A lot of my work as a process consultant is helping groups get out of the ditch, where there's interpersonal tensions among members and the group is at a loss about how to untangle the mess. Often, though not always, events follow a sequence like this:

Step 1) Person A (let's call them Adrian) says or does a thing that pisses off Person B (let's call them Jesse). It's typically an action that Jesse feels is egregious or a patterned behavior that is consistently inconsiderate or inappropriate. The offending action is viewed as something clearly over the line of acceptable behavior and Jesse feels disrespected.

Step 2) Jesse then responds from their place of hurt or outrage, which is meant either as an expression of their feelings or a quid pro quo push back that they believe Adrian deserves. Typically, Jesse will acknowledge that their response contains some bite (by which I mean, is not all bark), yet their view is that this is no worse than what Adrian has done to them.

Step 3) Not uncommonly, Adrian had not been aware of Jesse's upset (or at least not the full extent of it) and their first inkling is that something is amiss is the sting they experience from Jesse's response. Now Adrian's pissed that Jesse used a biting response to express upset rather than coming to them directly with it. That is, now Adrian feels disrespected, and we're off to the races.

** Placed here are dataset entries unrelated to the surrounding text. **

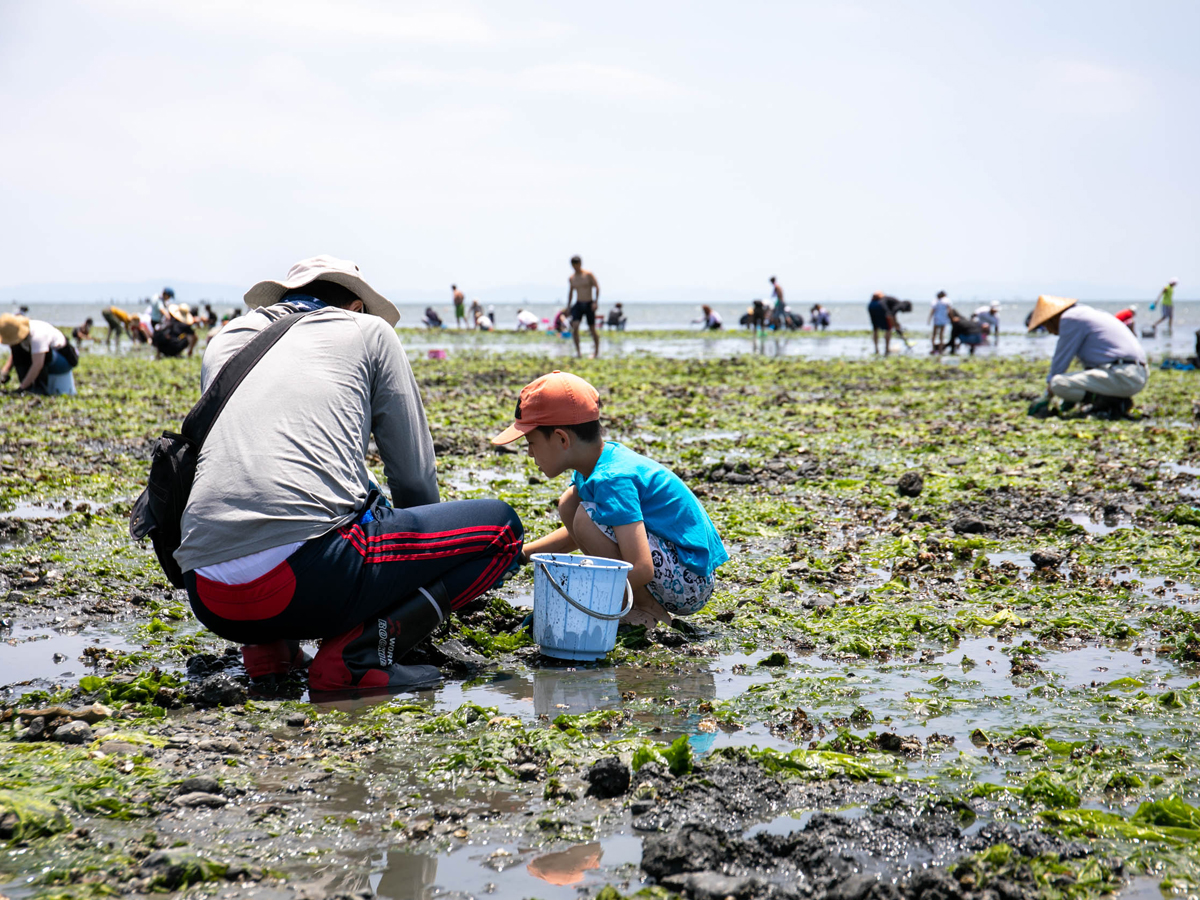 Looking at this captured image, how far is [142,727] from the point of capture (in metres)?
3.30

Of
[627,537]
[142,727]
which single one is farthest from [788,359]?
[142,727]

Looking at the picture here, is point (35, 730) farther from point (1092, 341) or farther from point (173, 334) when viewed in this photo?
point (173, 334)

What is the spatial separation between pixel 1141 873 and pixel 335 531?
8.45 feet

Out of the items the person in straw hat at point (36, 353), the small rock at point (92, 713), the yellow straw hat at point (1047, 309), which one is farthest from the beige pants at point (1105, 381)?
the person in straw hat at point (36, 353)

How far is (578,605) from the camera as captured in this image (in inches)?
158

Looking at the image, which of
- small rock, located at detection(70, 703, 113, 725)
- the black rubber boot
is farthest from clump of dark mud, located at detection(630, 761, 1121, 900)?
small rock, located at detection(70, 703, 113, 725)

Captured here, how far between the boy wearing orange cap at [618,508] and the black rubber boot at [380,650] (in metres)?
0.71

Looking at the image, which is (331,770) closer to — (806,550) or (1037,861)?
(1037,861)

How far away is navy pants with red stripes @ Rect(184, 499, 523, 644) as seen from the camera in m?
3.49

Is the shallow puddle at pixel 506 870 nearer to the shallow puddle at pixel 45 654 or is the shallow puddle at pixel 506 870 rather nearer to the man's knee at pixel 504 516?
the man's knee at pixel 504 516

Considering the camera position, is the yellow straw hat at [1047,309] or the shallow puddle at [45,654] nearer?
the shallow puddle at [45,654]

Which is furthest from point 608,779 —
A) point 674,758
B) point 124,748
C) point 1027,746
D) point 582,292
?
point 582,292

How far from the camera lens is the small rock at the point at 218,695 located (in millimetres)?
3592

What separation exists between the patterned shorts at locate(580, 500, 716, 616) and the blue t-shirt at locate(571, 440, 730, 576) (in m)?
0.03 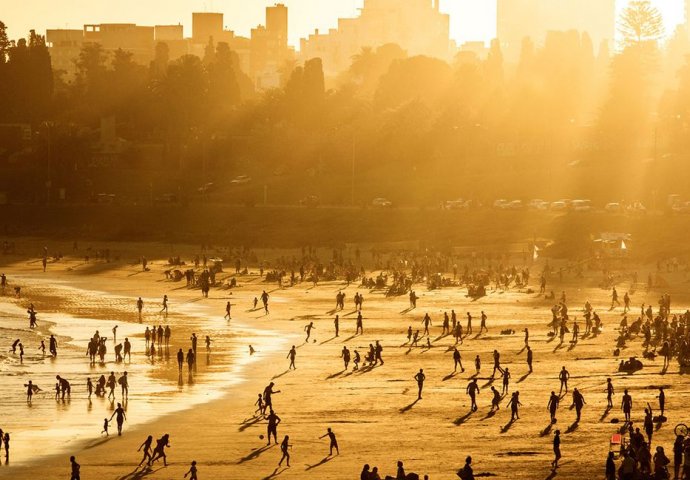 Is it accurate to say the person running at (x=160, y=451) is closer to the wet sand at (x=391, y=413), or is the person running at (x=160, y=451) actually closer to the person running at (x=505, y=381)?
the wet sand at (x=391, y=413)

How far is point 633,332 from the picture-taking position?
43.5 metres

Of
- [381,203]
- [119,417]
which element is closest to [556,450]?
[119,417]

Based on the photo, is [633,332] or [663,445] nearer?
[663,445]

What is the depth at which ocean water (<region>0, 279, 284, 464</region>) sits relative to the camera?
31688 mm

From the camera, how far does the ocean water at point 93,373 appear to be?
3169 cm

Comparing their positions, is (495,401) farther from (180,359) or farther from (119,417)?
(180,359)

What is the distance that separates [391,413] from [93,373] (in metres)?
10.4

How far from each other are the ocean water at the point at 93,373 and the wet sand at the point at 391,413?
34 centimetres

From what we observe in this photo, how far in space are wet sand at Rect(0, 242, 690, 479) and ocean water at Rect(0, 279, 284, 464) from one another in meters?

While the above sequence is certainly not a one-size-fits-all description for how every conflict develops, it's nonetheless a story line that adequately describes a numbingly high percentage of them. What's interesting about this pattern is that both Adrian & Jesse have the story that the other person started it, and that somehow this affords them each a free pass to indulge in the escalating steps they've both subsequently taken. (Kind of like finding yourself in a car accident, and then not caring what damage is done by your vehicle once you've convinced yourself that it's the other person's fault—where is the compassion and sensibility in that?)

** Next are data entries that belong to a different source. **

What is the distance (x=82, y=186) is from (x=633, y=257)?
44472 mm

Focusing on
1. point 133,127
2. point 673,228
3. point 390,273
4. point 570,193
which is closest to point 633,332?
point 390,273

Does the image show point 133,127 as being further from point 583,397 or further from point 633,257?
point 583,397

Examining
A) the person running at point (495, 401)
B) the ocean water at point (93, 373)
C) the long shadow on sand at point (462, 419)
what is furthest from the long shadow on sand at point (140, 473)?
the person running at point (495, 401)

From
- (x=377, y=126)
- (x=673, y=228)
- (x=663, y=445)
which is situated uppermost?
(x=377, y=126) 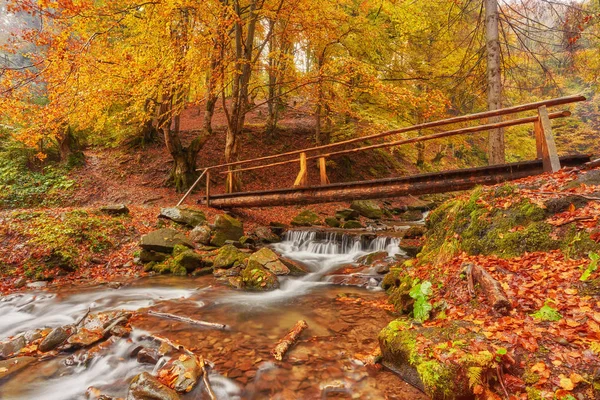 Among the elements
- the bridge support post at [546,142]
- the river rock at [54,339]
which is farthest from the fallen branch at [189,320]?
the bridge support post at [546,142]

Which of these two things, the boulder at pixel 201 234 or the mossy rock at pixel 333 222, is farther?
the mossy rock at pixel 333 222

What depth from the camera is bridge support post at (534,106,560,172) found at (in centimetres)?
532

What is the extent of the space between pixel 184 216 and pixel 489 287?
357 inches

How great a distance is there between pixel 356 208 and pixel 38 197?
13.4 m

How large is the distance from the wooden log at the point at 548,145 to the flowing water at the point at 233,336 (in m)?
3.64

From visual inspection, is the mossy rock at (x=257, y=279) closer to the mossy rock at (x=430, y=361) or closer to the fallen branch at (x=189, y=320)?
the fallen branch at (x=189, y=320)

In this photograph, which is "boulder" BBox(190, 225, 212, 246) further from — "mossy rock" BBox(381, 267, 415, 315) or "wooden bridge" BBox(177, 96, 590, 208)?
"mossy rock" BBox(381, 267, 415, 315)

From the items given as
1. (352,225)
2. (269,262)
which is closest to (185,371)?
(269,262)

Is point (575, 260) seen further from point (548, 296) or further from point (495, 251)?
point (495, 251)

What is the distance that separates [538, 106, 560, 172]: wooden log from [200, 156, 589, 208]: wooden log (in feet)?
1.00

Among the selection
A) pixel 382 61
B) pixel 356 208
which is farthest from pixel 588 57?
pixel 356 208

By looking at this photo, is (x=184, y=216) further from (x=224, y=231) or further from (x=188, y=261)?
(x=188, y=261)

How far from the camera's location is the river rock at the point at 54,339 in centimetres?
404

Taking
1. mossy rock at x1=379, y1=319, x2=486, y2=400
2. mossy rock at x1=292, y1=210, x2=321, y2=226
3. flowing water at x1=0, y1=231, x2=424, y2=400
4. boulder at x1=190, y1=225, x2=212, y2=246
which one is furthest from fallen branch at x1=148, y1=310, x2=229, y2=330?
mossy rock at x1=292, y1=210, x2=321, y2=226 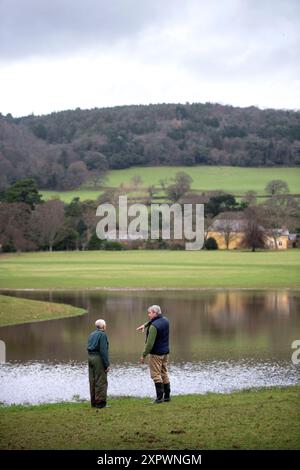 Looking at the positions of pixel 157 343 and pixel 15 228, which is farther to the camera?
pixel 15 228

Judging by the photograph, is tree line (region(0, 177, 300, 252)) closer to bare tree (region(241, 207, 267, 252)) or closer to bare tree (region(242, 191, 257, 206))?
bare tree (region(241, 207, 267, 252))

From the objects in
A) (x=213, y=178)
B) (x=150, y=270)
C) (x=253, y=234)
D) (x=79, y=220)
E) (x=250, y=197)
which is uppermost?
(x=213, y=178)

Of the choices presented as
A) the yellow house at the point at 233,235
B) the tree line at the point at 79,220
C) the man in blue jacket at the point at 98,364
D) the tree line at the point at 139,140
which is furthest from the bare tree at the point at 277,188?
the man in blue jacket at the point at 98,364

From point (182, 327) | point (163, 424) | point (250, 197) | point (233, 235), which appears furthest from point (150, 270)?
point (250, 197)

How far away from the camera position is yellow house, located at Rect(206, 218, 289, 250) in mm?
98125

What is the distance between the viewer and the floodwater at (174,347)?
797 inches

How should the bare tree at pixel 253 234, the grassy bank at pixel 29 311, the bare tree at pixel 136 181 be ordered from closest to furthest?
the grassy bank at pixel 29 311
the bare tree at pixel 253 234
the bare tree at pixel 136 181

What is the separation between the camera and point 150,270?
6550 cm

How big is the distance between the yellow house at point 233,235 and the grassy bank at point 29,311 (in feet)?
194

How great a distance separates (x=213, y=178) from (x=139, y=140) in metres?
21.9

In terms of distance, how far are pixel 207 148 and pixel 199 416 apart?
145257 millimetres

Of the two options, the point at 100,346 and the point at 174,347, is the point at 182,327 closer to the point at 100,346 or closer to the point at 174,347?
the point at 174,347

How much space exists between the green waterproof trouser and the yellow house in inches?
3259

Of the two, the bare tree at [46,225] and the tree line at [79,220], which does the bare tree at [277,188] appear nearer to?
the tree line at [79,220]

Amazingly, Adrian & Jesse's internal stories are both that they have been defending themselves from an unfair attack and disrespectful treatment. The good news is that once this has been pointed out, it tends to help calm everyone down (since it's easy to get all parties to agree that being attacked and treated disrespectfully is not what anyone wants to be doing or experiencing).

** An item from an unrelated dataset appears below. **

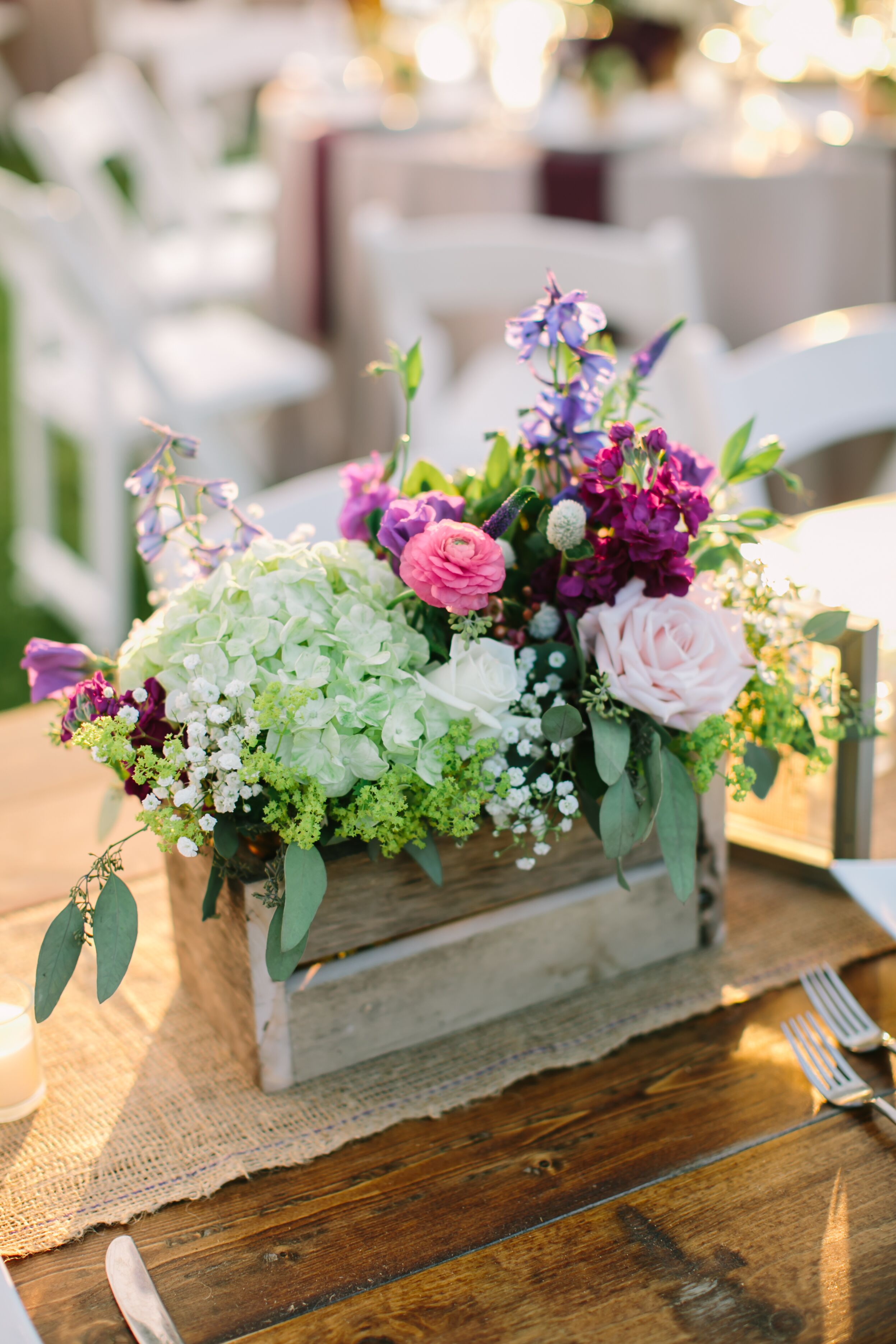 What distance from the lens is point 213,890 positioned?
0.67 m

The key log here is getting Jesse to see the possibility that Adrian didn't intend their actions to be provocative. Essentially, this means getting Jesse to see how Adrian's actions were a reasonable choice from Adrian's perspective. That doesn't mean that Jesse has to like what Adrian did; only that Jesse can see how Adrain's actions can be explained without assigning Jesse bad intent.

Going the other way, you can ask Adrian to understand Jesse's response as having come from a person who was upset and felt attacked—rather than as the actions of a provocateur. If you can get them each to see how the precipitating actions in Steps 1 & 2 are explainable without assuming ill will, that should give you the breakthrough needed to get things unstuck—where you can start to work creatively and productively on how to handle things better in the future.

Of course, when working with groups, conflict doesn't always neatly sort into a nice clean dyad. Often there's a multi-car accident and you have to figure out where to start. Hint: just like an ER nurse, use the principles of triage to work first with the person who appears in the most distress and yet is still responsive to ministrations. Then work you're way around the room until the bleeding stops.

In the end it doesn't matter to me who started it. I want to know who's willing to end it.